To implement elastic demand in backbone, we will use the "penalty" paramter of backbone. This parameter allows backbone to not meet demand and instead pay a preset penalty. The standard penalty value for not meeting demand is 109 €/MWh. We can change this value by adding the option --penalty=value (in €/MWh) to the command line.

You shall now run your model three times: once with the average VoLL of 18.92 €/kWh, once with the maximum VoLL of 58.29 €/kWh and once with the minimum VoLL of 6.40 €/kWh (pay attention to the units). Remember to disable the hydrogen units and to remove the "--tutorial=1" flag from the command line. For each run, copy all results from the backbone output folder and save them.


Preparation for analysis of results test

To be sure that you have correct results to go into the final test, we will provide you with some values to check your solution. In the result.gdx you achieved for each scenario, there is a variable "r_cost_objectiveFunction_t". In the following table you find the values this variable should have (little deviations are ok). If you recieved another value, check whether you followed all instructions for the preparation of the input data correctly.

scenario base hydrogen case elastic demand - average VoLL elastic demand - min VoLL elastic demand - max VoLL
r_cost_objectiveFunction_t 196005 85935 192138 172628 196005

In the final test, you will be asked to upload four plots. To save time, you should prepare them before hand.

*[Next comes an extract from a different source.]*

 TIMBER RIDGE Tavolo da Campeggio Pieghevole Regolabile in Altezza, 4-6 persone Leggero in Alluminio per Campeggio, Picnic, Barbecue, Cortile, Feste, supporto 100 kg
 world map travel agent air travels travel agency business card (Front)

The plots are:

  1. For the base case, plot the storage state of the node DE0 5 battery over the year (as reported in r_state_gnft).
  2. For the base case, plot the production of the renewable generators over the year (as reported in r_gen_gnuft).
  3. A diagramm comparing the total realized costs between the 3 cases you modeled (base case, hydrogen storage and elastic demand with average VoLL). You can neglect the results for minimum and maximum VoLL here.
  4. A diagramm comparing the number of invested units (grouped by carrier: solar, wind, battery, hydrogen storage) of the 3 cases you modeled (as definded above). Backbone does not directly provide this information, therefore you will have to work a little with the information provided in r_invest.

Be careful to add axes labels and units.

Onshore wind is shortened with onwind, offshore wind with offwind. There are two types of offshore wind (ac and dc), this referes to the type of connection they have with the mainland (alternate current or direct current). For the analysis, this does not matter, you can just add all types of wind to the carrier wind.